Speaking to reporters in Istanbul, Kalın said that President Recep Tayyip Erdoğan will continue to keep up with developments regarding the Qatar crisis, calling the next few days critical.
"The Turkish base in Qatar poses no threat to any countries in the region" Kalın said.
Kalın also said that Erdoğan will meet with Russian President Vladimir Putin at the G20 Summit in Hamburg.
On June 5, Saudi Arabia, the United Arab Emirates (UAE), Bahrain, Egypt and Yemen cut ties with Qatar, accusing Doha of supporting terrorism. Qatar has denied the accusations, saying the move to diplomatically isolate it is unjustified. The four Arab states presented Qatar a list of demands, including calls to close the Turkish base in the country, shut down Al-Jazeera TV and cut ties with Iran.

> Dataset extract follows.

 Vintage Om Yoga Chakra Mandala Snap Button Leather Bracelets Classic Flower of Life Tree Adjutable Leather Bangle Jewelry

Erdoğan has repeatedly voiced concern over the blockade on Qatar, having called on the Gulf states to resolve the situation before the end of the Islamic holy month of Ramadan, which now has passed.
Foreign Minister Mevlüt Çavuşoğlu paid an official visit to Qatar, Kuwait and Saudi Arabia as part of Ankara's efforts. After the economic blockade on Qatar, Turkey sent 105 cargo planes of food to Qatar.

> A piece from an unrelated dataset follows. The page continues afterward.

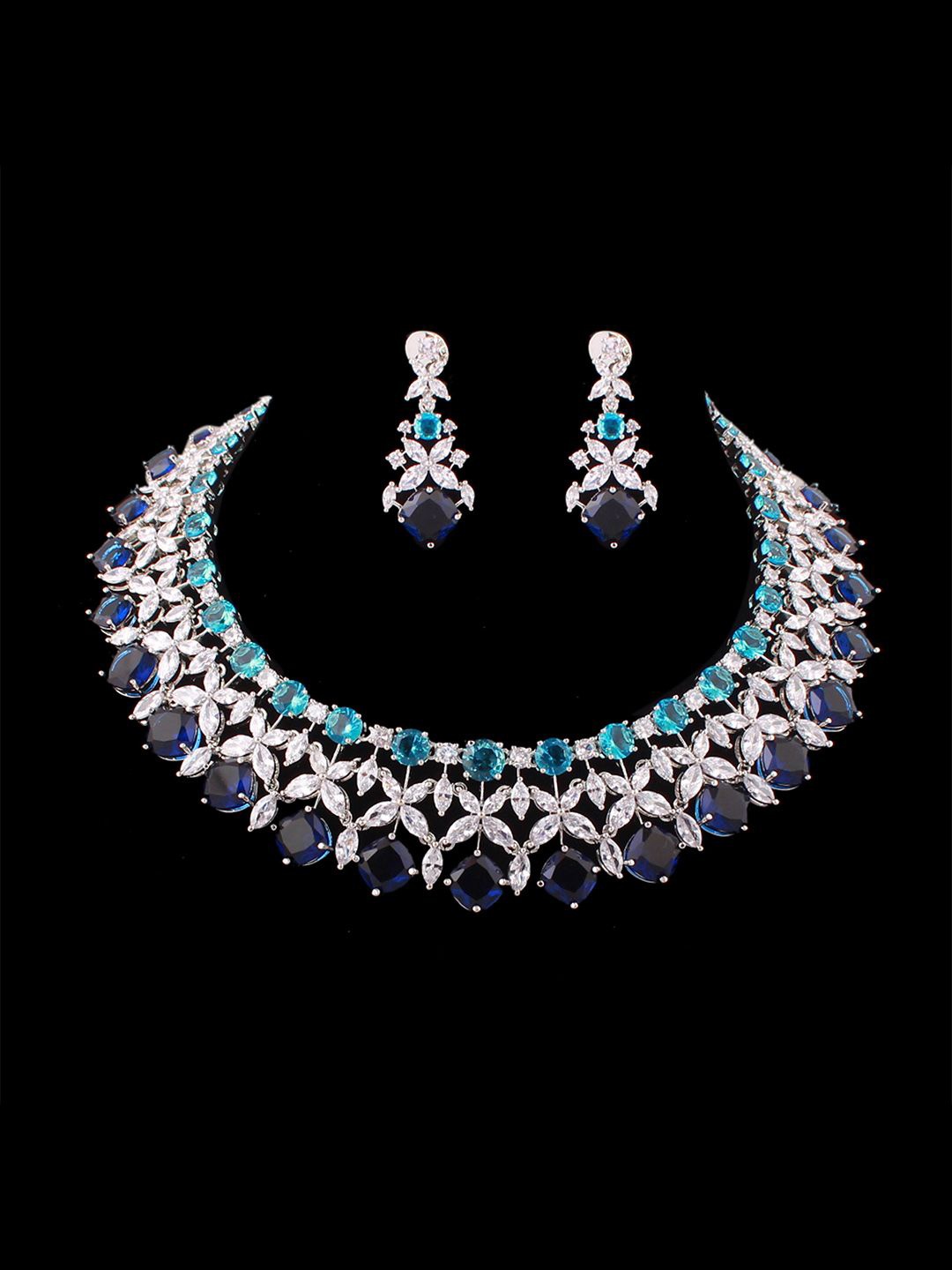 

Mirana Rhodium-Plated Cubic Zirconia Studded Jewellery Set, Silver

On June 19, Turkish troops arrived in Qatar for a long-planned joint military training program, the Qatari Defense Ministry said, following Parliament fast-tracking legislation to deploy to a military base in Qatar on June 7. Turkey has a military base in Qatar that currently houses about 90 Turkish soldiers.
The first batch of 25 Turkish soldiers who left for Qatar to be stationed at the Turkish military base have already arrived in the country. Turkey will also send five armored vehicles as part of the first unit of deployment.
The deal to allow the troop deployment to Qatar is meant to improve the country's armed forces and boost military cooperation and was signed on April 2016, in Doha.
Under the legislation, the military forces of both countries will also be able to carry out joint exercises. Officials from both Qatar and Turkey have said the move is aimed at contributing to regional and world peace.